Supplied material:

========================

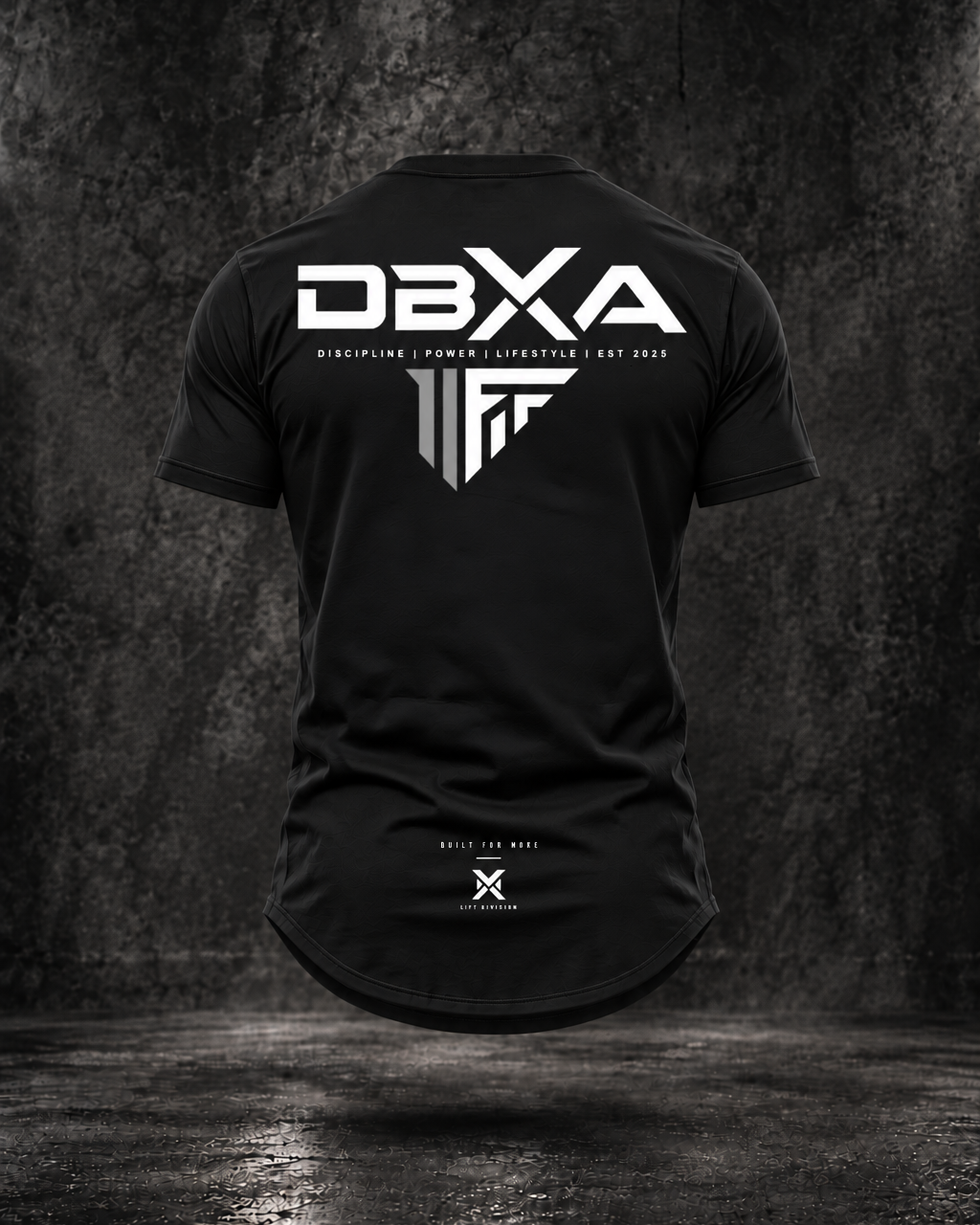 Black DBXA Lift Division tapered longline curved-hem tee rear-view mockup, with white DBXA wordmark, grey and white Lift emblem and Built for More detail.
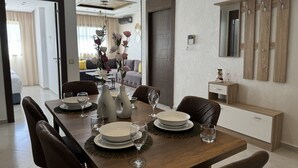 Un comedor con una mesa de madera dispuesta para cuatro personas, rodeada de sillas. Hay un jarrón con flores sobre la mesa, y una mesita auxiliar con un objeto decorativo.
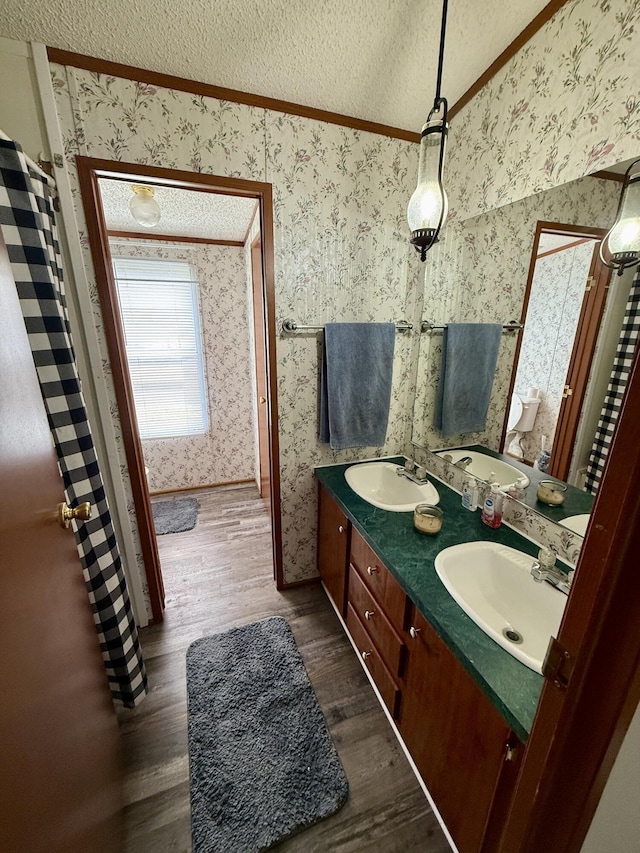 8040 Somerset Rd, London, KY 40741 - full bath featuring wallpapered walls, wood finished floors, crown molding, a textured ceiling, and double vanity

========================

Problem requirements: The material above is to be output exactly, with each picture left out.

Response:
 Black DBXA Lift Division tapered longline curved-hem tee rear-view mockup, with white DBXA wordmark, grey and white Lift emblem and Built for More detail.
 Un comedor con una mesa de madera dispuesta para cuatro personas, rodeada de sillas. Hay un jarrón con flores sobre la mesa, y una mesita auxiliar con un objeto decorativo.
 8040 Somerset Rd, London, KY 40741 - full bath featuring wallpapered walls, wood finished floors, crown molding, a textured ceiling, and double vanity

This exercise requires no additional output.